Obtaining single mode fibers by coiling becomes increasingly difficult as the diameter of the fiber core increases. To suppress higher-order modes in larger cores, it is necessary either to use a core with lower numerical aperture, which is much more susceptible to fabrication and environmental perturbations, or to reduce the bending radius, which can induce stress sufficient to damage the coiled fiber. These limitations may be overcome by the use of helical-core fibers in which high curvature of the core can be obtained without introducing significant stress. This is possible because coiling of the fiber core is performed during the fabrication process by spinning a preform of the step-index fiber with an offset core [2]. First application of the helical-core fibers to high-power fiber lasers [4] led to increased interest in rigorous modeling of such structures, which is especially important because the pitch of the helical core cannot be modified after the fiber is fabricated. Another method of obtaining LMA fibers with helical structural elements has been proposed recently in [5,6]. In this case, a single mode operation is obtained thanks to coupling of higher-order modes propagating in the central straight core to the leaky modes propagating in the helical side cores.

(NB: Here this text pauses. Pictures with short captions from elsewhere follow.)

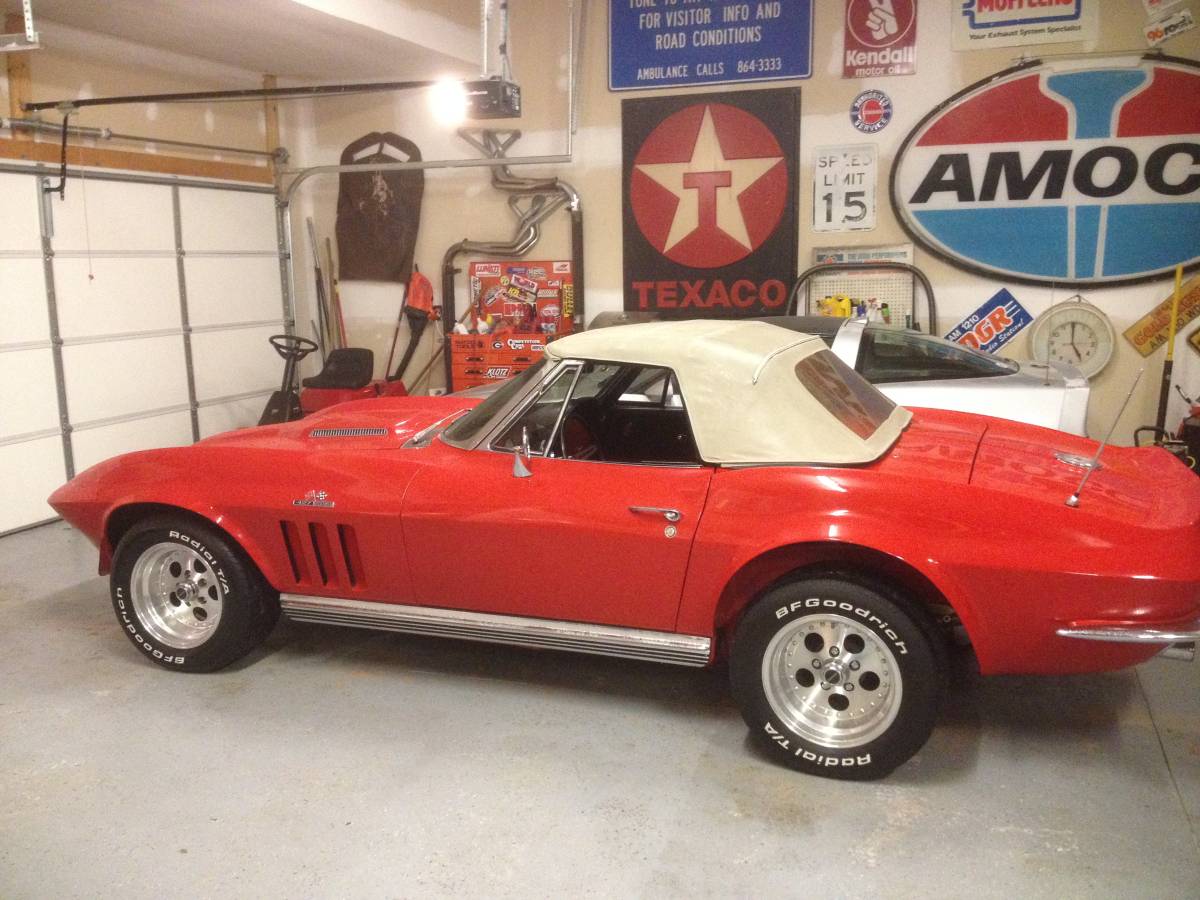 Chevrolet-corvette-1966-red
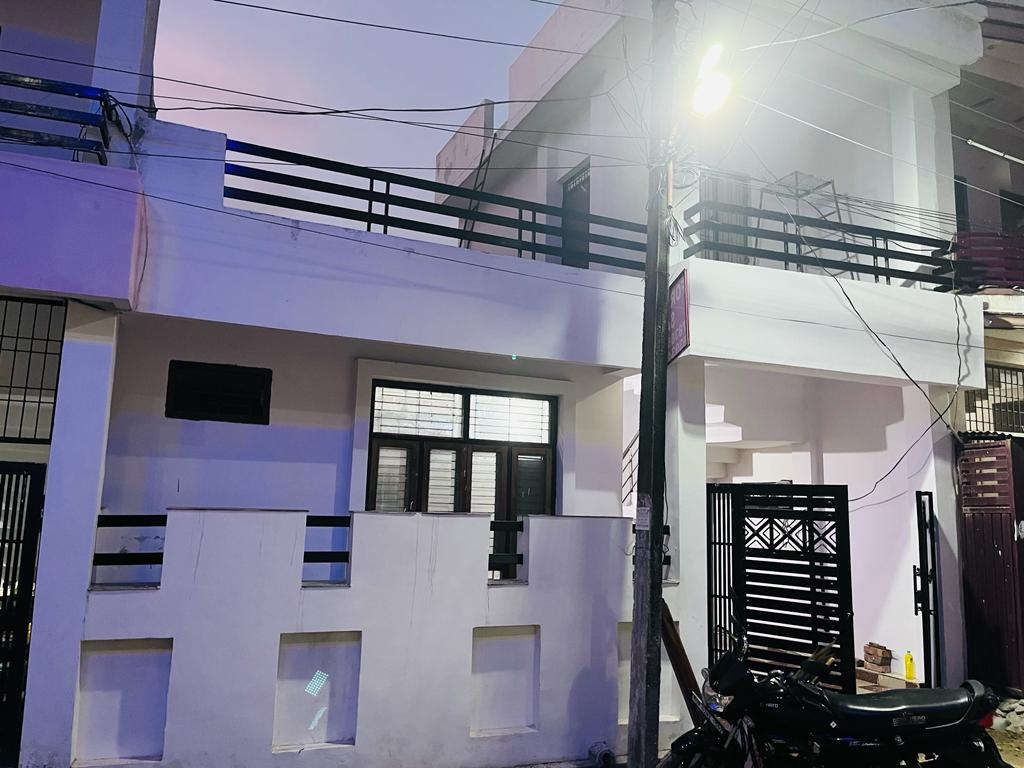 2 BHK Independent House For Sale in Jankipuram Extension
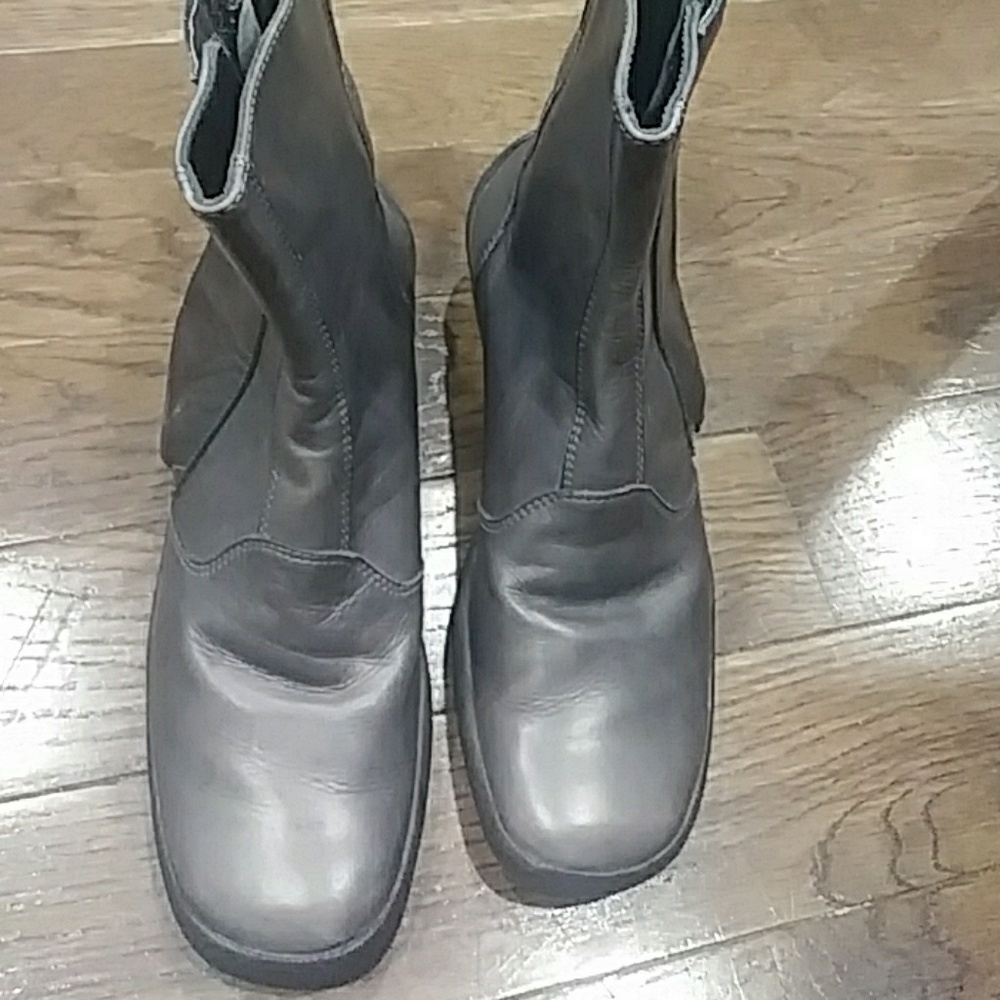 Fendi gray boots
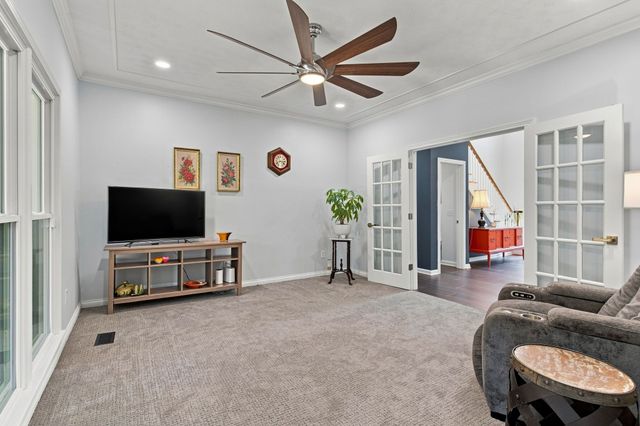 1004 Cross Creek Ct, Hendersonville, TN 37075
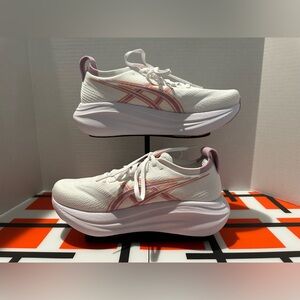 ASICS Women's GEL-NIMBUS
27 Running Shoes - Brand NEW! (Read Description)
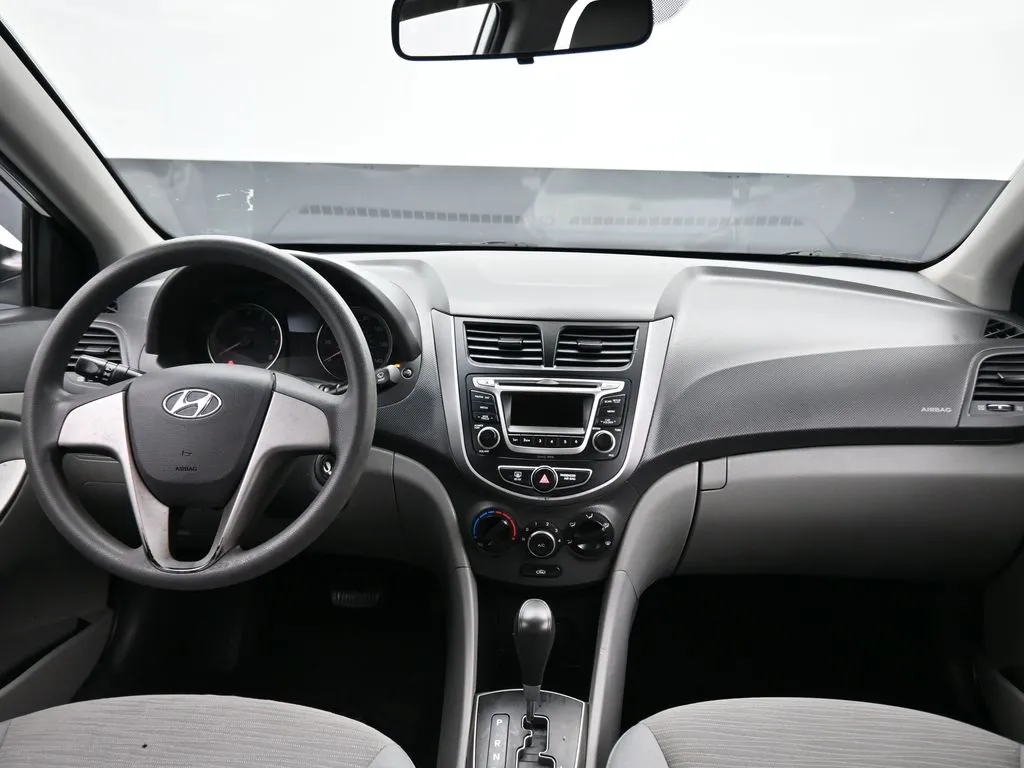 2015 Hyundai Accent GLS photo 24
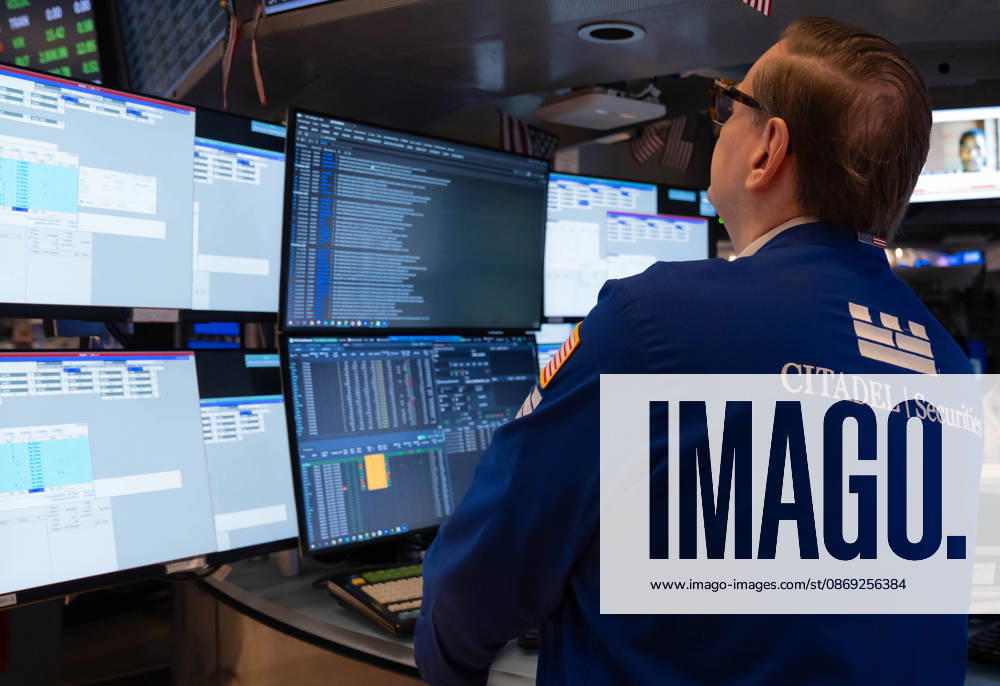A trader works on the trading floor of the New York Stock Exchange (NYSE) in New York, NY on October 12, 2026. New York USA - ZUMAr339 20261012_znp_r339_010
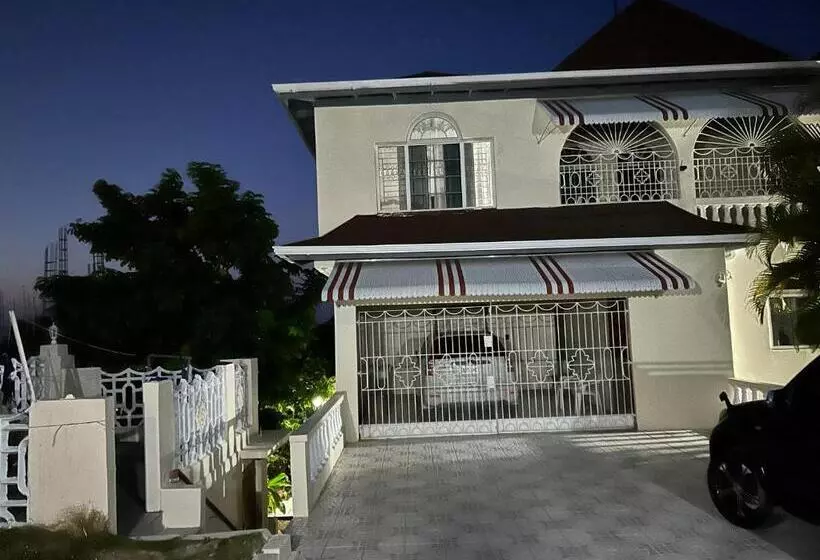 پانسیون Goldenview Guesthouse Ocho Rios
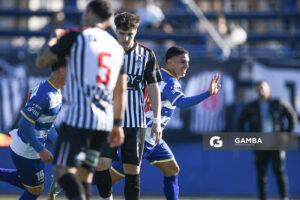 Alex Seijas, de Libertad. 21ª Copa Nacional de Clubes. Estadio Casto Martínez Laguarda.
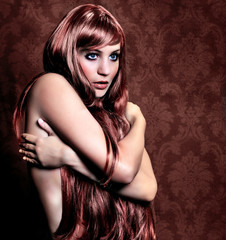 Mädchen mit wunderschönen, braunen, langen Haaren / hairbeauty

To determine circular birefringence of the fundamental mode in helical-core fibers, simple models based on geometrical considerations [7,8] and coupled mode equations [9] have been proposed so far. Accurate simulations of the confinement loss and intensity profiles of guided modes, which are crucial in modeling helical-core LMA fibers, proved to be much more difficult. The simplest method of the estimation of the confinement loss in helical-core fibers uses approximate semi-analytical formulas developed by Marcuse [10,11]. This approach is based on equivalence between the helical-core fiber and the fiber bent in-plane, in which a bending radius is determined by the helix pitch and the core offset [11]. Marcuse’s bend loss model cannot be used to calculate losses in LMA fibers because it uses approximations valid only for fibers which are single-mode before bending or coiling. As it was shown in [12] the loss obtained for a multimode fiber with the Marcuse model can be overestimated by orders of magnitude. Attempts to improve the Marcuse model resulted in more precise semi-analytical bend loss formulas [12,13], including those designated especially to calculate the loss in helical-core fibers [14].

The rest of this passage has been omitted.